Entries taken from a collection

+++++

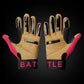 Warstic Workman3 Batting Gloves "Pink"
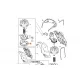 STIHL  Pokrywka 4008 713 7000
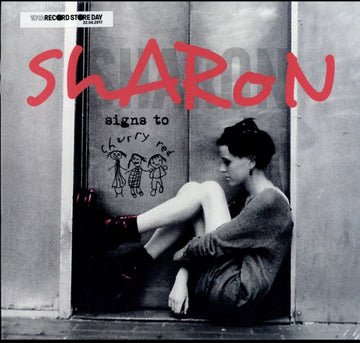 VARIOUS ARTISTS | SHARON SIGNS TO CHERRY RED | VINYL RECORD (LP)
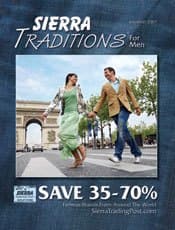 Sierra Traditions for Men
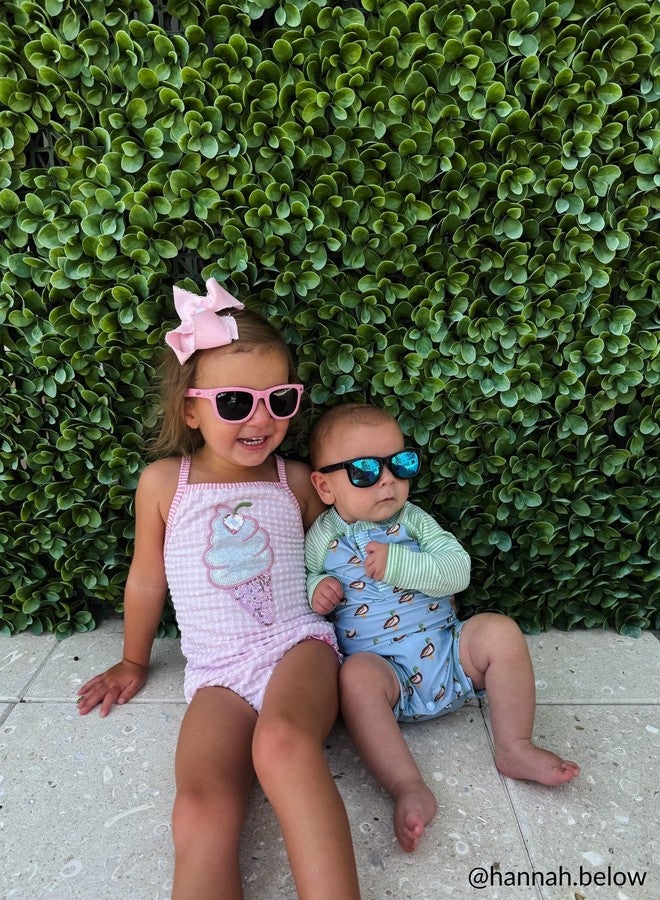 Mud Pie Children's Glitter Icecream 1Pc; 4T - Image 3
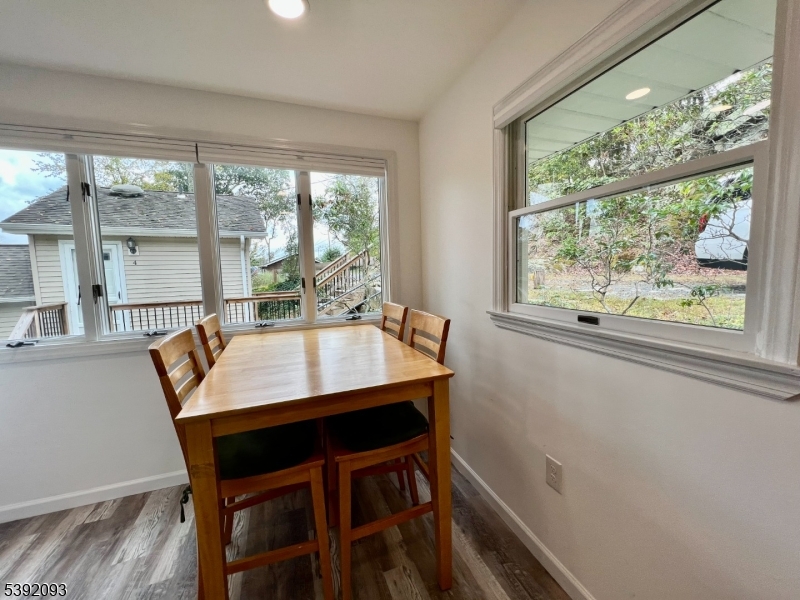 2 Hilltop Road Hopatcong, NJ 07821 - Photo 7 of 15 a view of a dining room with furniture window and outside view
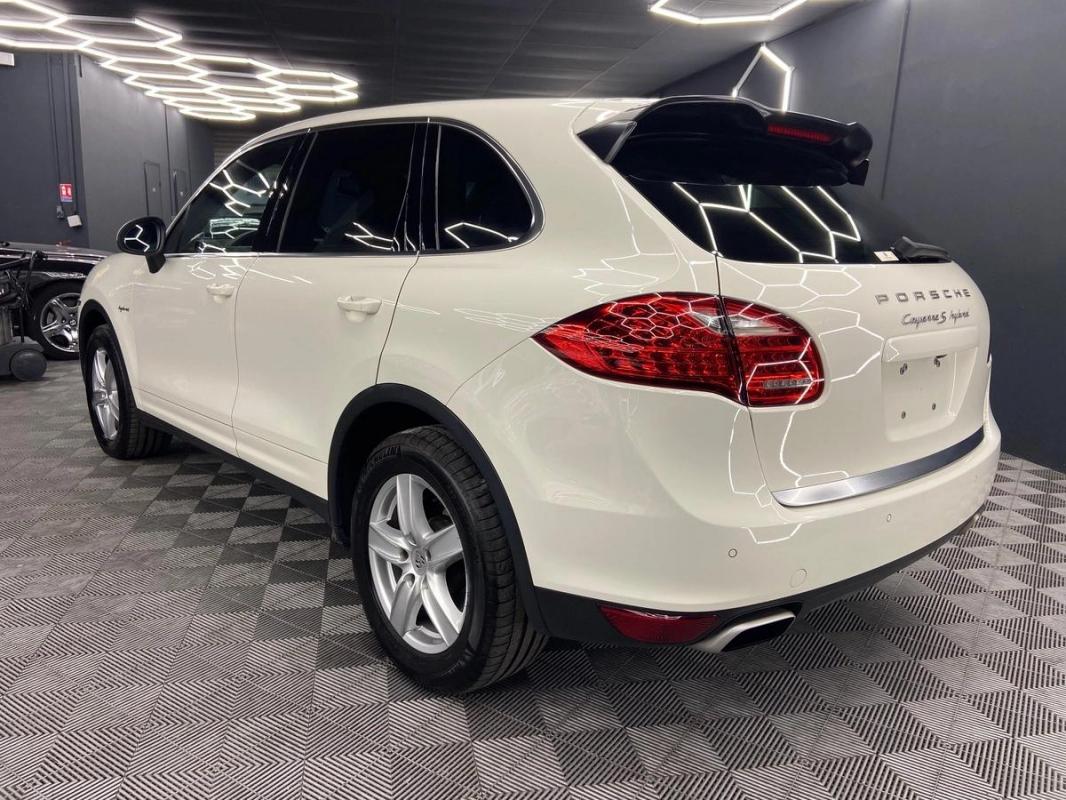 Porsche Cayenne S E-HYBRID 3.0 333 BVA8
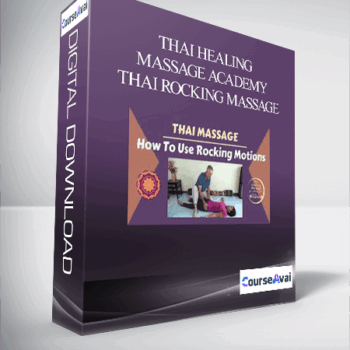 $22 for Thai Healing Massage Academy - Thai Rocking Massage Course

+++++

* AIM OF THE EXERCISE
Give the lines exactly, from the first line of the entries to the line with "2 Hilltop Road", both ends included. Skip the pictures.

* RESULT OF THIS TASK
 Warstic Workman3 Batting Gloves "Pink"
 STIHL  Pokrywka 4008 713 7000
 VARIOUS ARTISTS | SHARON SIGNS TO CHERRY RED | VINYL RECORD (LP)
 Sierra Traditions for Men
 Mud Pie Children's Glitter Icecream 1Pc; 4T - Image 3
 2 Hilltop Road Hopatcong, NJ 07821 - Photo 7 of 15 a view of a dining room with furniture window and outside view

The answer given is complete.